Getting aggravated with your friends is counterproductive. To them, their suggestion is logical, sound, and appropriate. Your rejection of it is also logical, sound, and appropriate. This is fiction we're talking about, not physics. Arguing won't change the rate of acceleration of a falling body. Fiction is full of endlessly mutable ideas, which is why we love it so much.


----------



## Seedy M. (Sep 23, 2014)

I tell them, "Damn it! Now I _can't_ use that because it would be plagiarizing _your_ idea!"  Then the old one finger salute.


----------



## dale (Sep 23, 2014)

Nickleby said:


> My advice is to ignore their suggestion when you don't wish to incorporate it. When they see the rewrite without their change, they should get the message. It's your story, you're doing the writing, you have the final say.
> 
> Getting aggravated with your friends is counterproductive. To them, their suggestion is logical, sound, and appropriate. Your rejection of it is also logical, sound, and appropriate. This is fiction we're talking about, not physics. Arguing won't change the rate of acceleration of a falling body. Fiction is full of endlessly mutable ideas, which is why we love it so much.

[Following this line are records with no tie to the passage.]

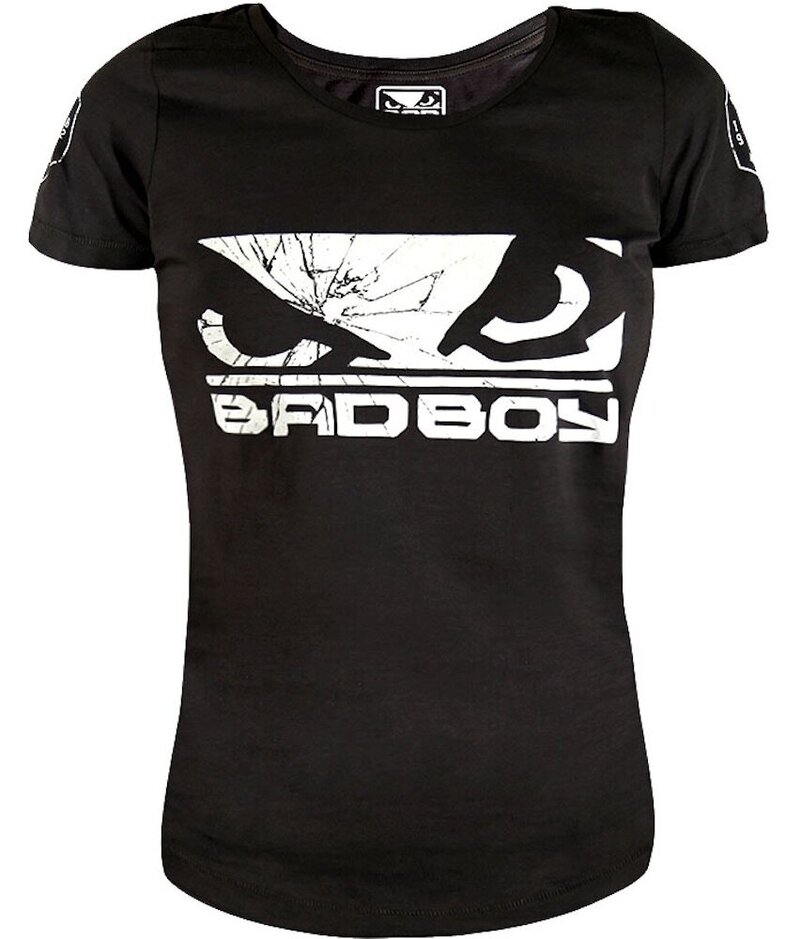 Bad Boy Bad Boy Global Walkout Dames T-Shirt Zwart Wit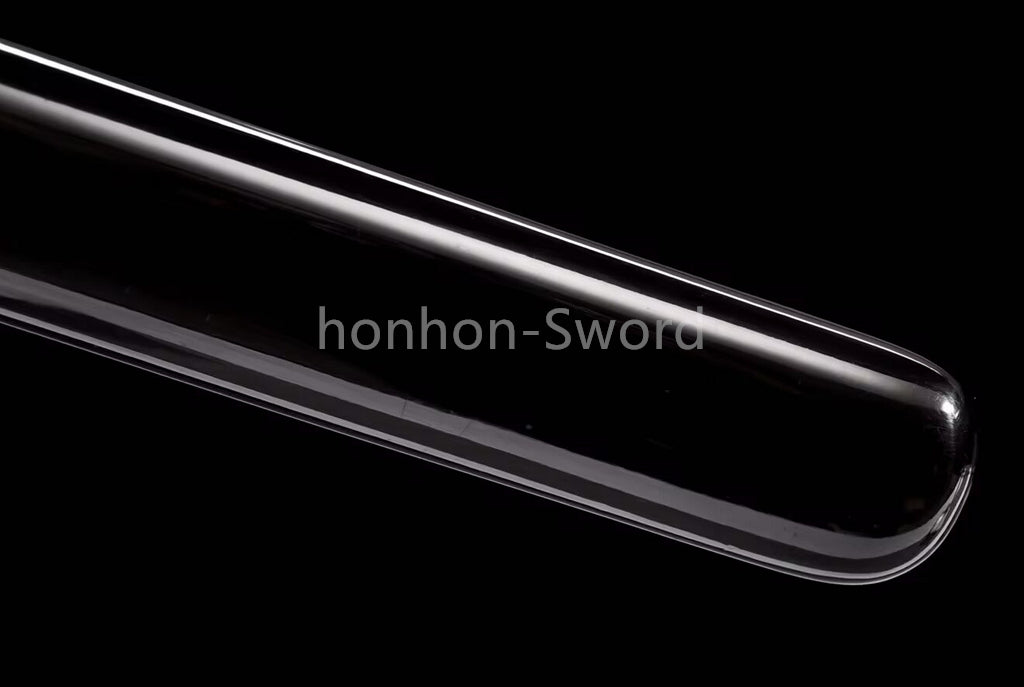 Damascus Folded Steel Clay Tempered Japanese Tanto Samurai Sword Full Tang Real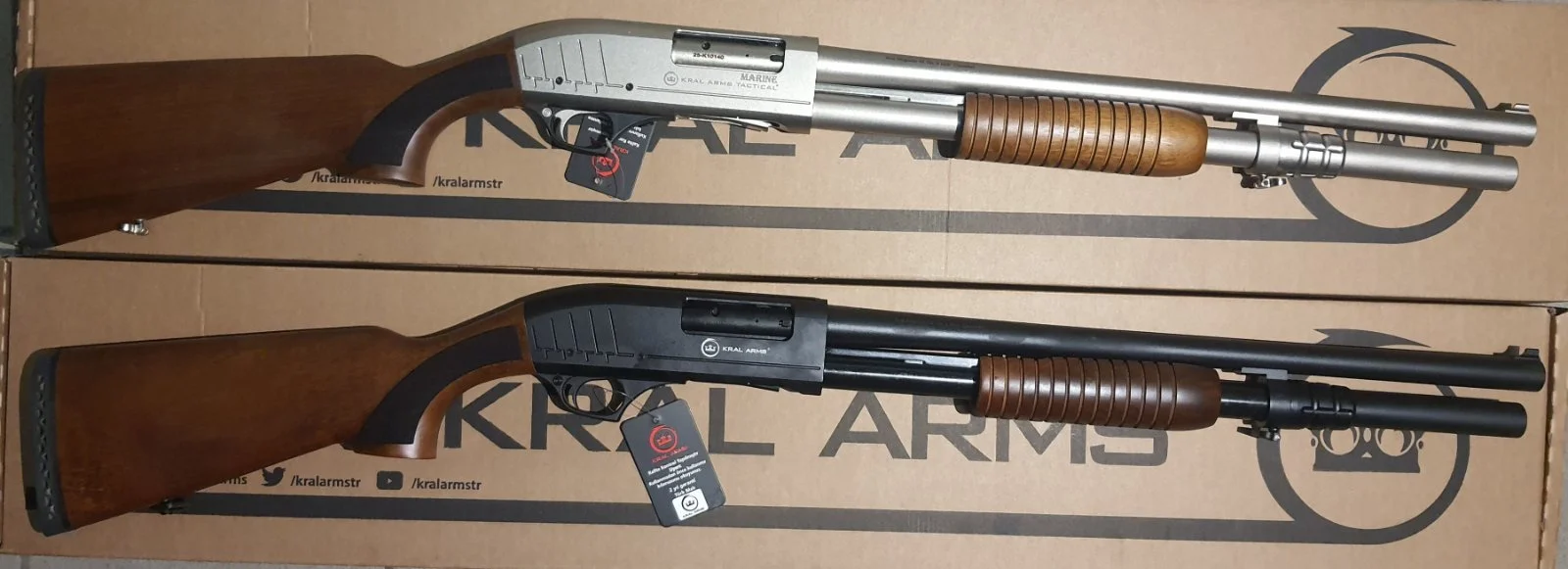 Kral Marine srebrna/czarna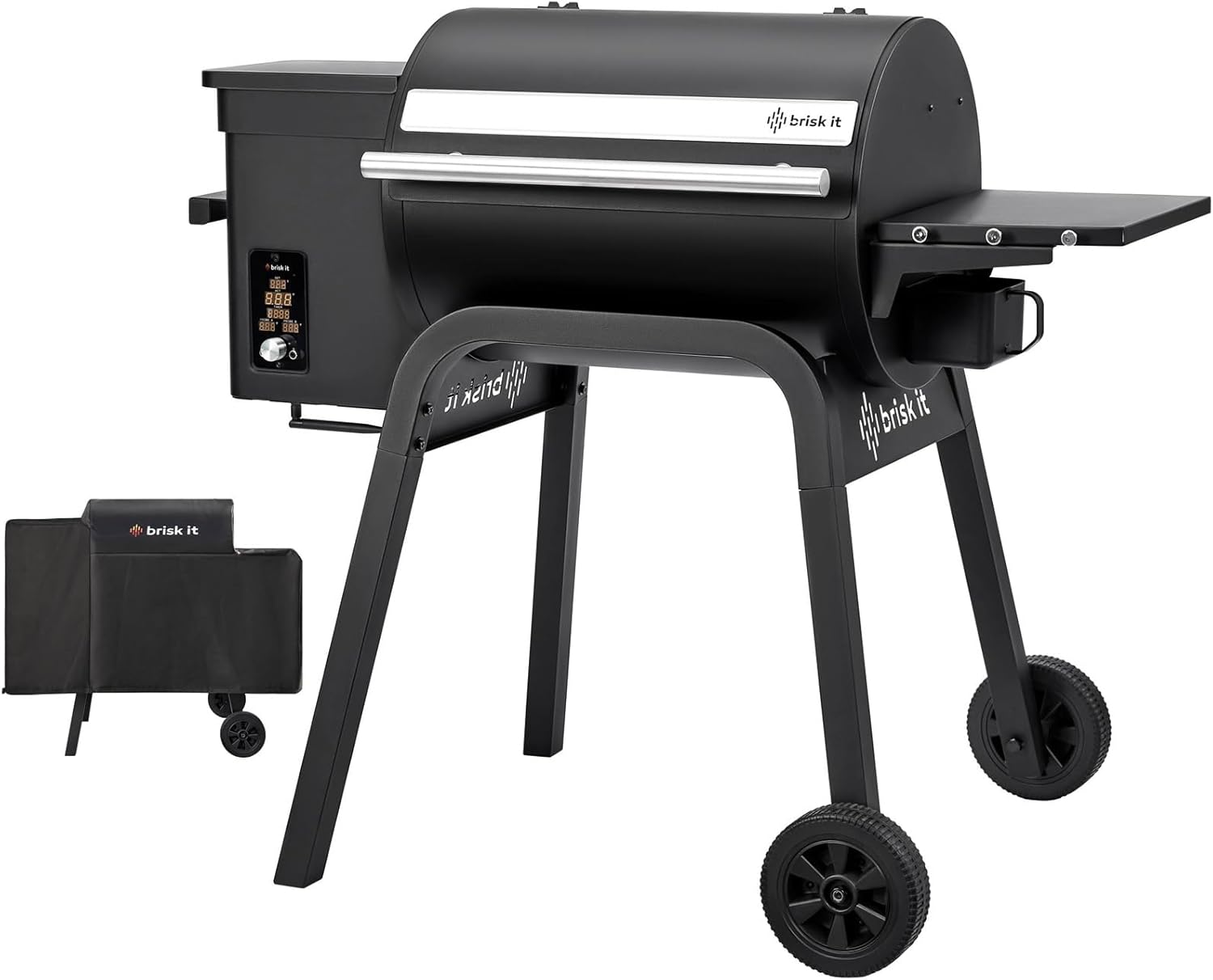 Brisk It Zelos-450 Pellet Smoker Grill Review: AI Smart 7-in-1 for Backyard BBQs & Outdoor Cooking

yeah. friends always have hare-brained ideas about what you should write. i've had a couple friends tell me "man, you should write a book about our life, dude. all the shit we been thru." i'll just laugh. i mean...who the hell would want to read about a bunch of idiot drunks who accidentally set themselves on fire every now and again playing with gasoline?


----------



## Poet of Gore (Sep 23, 2014)

thought this was gonna be a vampire thread. i brought steaks and all.


----------



## Plasticweld (Sep 23, 2014)

dale said:


> yeah. friends always have hare-brained ideas about what you should write. i've had a couple friends tell me "man, you should write a book about our life, dude. all the shit we been thru." i'll just laugh. i mean...who the hell would want to read about a bunch of idiot drunks who accidentally set themselves on fire every now and again playing with gasoline?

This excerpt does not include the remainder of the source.